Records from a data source

━━━━━━

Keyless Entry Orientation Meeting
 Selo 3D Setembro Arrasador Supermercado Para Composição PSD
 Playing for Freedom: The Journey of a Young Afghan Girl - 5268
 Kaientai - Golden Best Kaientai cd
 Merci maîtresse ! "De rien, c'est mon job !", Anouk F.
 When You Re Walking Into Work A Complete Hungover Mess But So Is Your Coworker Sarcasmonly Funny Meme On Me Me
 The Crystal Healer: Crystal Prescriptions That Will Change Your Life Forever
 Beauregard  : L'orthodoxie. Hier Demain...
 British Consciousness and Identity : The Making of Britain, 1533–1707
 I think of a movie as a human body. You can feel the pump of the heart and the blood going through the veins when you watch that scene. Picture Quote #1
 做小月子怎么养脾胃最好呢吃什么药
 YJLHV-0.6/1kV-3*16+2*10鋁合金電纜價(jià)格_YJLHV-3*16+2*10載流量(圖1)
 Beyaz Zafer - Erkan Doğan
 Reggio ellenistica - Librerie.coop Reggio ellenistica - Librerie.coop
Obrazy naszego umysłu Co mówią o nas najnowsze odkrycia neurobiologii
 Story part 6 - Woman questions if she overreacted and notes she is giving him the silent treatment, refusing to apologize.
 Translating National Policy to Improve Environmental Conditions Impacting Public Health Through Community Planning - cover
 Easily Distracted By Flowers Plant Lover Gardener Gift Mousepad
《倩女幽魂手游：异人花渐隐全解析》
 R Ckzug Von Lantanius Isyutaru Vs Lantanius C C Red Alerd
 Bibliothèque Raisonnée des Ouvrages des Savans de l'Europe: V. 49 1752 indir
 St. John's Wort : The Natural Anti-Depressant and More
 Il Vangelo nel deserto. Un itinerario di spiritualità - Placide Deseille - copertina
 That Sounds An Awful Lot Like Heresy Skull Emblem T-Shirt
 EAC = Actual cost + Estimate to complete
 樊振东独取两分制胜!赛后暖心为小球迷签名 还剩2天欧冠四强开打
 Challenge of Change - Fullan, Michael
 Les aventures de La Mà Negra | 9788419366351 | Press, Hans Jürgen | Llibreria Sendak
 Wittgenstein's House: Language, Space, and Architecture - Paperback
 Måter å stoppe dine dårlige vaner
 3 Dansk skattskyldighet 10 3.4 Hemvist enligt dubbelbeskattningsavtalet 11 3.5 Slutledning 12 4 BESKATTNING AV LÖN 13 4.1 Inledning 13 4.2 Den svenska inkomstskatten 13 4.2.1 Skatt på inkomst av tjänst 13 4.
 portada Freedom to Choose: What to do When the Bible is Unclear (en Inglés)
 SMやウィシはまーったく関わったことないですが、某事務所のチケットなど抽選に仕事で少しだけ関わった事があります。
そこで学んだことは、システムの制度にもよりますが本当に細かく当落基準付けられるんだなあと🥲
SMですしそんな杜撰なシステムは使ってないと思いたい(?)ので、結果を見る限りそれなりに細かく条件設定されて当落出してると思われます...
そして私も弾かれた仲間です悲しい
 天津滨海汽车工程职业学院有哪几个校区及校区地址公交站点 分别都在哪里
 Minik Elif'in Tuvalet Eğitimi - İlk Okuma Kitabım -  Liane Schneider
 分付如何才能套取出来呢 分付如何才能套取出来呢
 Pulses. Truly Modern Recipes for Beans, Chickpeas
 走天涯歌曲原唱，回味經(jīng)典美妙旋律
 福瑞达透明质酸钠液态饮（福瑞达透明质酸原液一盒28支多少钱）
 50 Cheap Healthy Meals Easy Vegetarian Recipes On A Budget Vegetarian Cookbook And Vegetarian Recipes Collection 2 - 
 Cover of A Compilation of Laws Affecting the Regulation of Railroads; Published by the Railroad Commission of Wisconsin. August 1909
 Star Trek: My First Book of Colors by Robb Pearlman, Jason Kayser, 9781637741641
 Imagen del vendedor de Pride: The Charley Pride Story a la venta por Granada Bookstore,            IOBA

━━━━━━

> _EXERCISE REQUIREMENTS_: Look through the data above. Find each line with the string "Recipes" and copy it.

> _TASK RESULT_:
 Pulses. Truly Modern Recipes for Beans, Chickpeas
 50 Cheap Healthy Meals Easy Vegetarian Recipes On A Budget Vegetarian Cookbook And Vegetarian Recipes Collection 2 - 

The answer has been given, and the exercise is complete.